Work to be completed:
Repeat exactly, and only, the lines of the entries below from the one with "体验比亚迪海豚10万级纯电动车年轻人用合适吗用起来贵吗" through the one with "970-505-911-35 Деталь BUMPER COVER", both ends included.

Exercise inputs:
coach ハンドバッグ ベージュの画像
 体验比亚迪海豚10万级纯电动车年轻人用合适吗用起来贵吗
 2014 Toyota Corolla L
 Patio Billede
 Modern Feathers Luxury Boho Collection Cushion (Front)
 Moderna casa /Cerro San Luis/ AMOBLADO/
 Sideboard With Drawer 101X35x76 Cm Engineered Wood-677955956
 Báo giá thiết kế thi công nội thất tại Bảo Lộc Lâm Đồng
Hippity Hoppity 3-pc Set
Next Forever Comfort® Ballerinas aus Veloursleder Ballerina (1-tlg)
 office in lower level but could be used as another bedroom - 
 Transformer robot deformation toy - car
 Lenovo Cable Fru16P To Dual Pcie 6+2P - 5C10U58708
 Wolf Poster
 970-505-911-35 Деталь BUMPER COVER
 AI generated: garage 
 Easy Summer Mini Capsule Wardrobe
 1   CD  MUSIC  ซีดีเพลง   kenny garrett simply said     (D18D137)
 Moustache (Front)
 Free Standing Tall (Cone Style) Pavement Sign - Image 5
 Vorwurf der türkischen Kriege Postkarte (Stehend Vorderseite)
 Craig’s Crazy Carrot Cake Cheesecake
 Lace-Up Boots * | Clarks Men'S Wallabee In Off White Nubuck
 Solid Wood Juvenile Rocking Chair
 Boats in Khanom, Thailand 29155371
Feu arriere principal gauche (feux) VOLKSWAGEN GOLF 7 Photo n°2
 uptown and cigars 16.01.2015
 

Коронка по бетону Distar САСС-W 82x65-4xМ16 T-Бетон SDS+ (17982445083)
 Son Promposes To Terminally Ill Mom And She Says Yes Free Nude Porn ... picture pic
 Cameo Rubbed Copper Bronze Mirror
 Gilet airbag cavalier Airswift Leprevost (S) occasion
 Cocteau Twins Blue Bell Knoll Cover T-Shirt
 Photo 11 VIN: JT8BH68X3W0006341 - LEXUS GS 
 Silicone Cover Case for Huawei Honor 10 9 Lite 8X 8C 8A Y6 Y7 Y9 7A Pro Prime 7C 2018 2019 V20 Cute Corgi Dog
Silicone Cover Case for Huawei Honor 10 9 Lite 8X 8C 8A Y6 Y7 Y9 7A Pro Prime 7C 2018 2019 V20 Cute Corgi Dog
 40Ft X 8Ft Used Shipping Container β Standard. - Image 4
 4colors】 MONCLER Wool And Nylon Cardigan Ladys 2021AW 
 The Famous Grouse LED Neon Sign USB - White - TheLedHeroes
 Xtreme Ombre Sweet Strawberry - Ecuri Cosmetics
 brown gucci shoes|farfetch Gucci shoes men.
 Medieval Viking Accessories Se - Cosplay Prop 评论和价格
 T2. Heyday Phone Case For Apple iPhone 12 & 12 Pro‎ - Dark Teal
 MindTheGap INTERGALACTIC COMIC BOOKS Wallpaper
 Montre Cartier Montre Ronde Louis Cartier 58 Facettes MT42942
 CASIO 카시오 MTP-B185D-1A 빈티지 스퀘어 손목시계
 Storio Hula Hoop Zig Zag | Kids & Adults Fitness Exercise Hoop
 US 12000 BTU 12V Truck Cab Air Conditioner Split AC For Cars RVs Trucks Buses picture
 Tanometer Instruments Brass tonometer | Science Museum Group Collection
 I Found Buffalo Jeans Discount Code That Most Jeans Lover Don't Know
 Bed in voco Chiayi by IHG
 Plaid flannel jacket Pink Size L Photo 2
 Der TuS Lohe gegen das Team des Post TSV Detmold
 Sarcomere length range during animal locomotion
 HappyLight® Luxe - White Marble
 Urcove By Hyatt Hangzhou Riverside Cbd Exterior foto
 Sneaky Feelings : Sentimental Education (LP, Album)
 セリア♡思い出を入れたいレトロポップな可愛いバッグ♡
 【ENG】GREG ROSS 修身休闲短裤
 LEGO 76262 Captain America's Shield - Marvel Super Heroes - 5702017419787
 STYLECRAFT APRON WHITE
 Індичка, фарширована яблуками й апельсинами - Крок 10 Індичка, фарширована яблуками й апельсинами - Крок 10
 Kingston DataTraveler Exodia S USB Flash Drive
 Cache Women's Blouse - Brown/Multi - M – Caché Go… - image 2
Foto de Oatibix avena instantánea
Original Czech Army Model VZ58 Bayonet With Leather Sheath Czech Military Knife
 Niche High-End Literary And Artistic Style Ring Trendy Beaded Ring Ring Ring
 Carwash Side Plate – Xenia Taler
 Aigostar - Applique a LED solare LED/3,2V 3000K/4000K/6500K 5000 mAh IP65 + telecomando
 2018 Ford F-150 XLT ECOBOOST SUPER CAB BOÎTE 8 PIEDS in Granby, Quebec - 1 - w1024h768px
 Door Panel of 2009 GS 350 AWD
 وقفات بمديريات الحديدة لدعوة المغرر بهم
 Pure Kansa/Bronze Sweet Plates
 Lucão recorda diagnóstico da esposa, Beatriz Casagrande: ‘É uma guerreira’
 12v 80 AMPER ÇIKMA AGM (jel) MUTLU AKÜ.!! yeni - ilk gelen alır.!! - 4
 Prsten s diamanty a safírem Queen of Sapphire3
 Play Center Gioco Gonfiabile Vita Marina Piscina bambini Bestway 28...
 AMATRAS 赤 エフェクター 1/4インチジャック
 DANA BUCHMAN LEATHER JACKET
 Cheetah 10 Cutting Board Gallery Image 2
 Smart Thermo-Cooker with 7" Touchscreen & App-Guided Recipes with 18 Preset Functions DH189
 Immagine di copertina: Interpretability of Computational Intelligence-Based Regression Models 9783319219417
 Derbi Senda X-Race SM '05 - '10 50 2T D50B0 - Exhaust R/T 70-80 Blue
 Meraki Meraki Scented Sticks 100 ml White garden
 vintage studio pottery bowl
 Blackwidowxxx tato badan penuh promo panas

Problem solution:
 体验比亚迪海豚10万级纯电动车年轻人用合适吗用起来贵吗
 2014 Toyota Corolla L
 Patio Billede
 Modern Feathers Luxury Boho Collection Cushion (Front)
 Moderna casa /Cerro San Luis/ AMOBLADO/
 Sideboard With Drawer 101X35x76 Cm Engineered Wood-677955956
 Báo giá thiết kế thi công nội thất tại Bảo Lộc Lâm Đồng
Hippity Hoppity 3-pc Set
Next Forever Comfort® Ballerinas aus Veloursleder Ballerina (1-tlg)
 office in lower level but could be used as another bedroom - 
 Transformer robot deformation toy - car
 Lenovo Cable Fru16P To Dual Pcie 6+2P - 5C10U58708
 Wolf Poster
 970-505-911-35 Деталь BUMPER COVER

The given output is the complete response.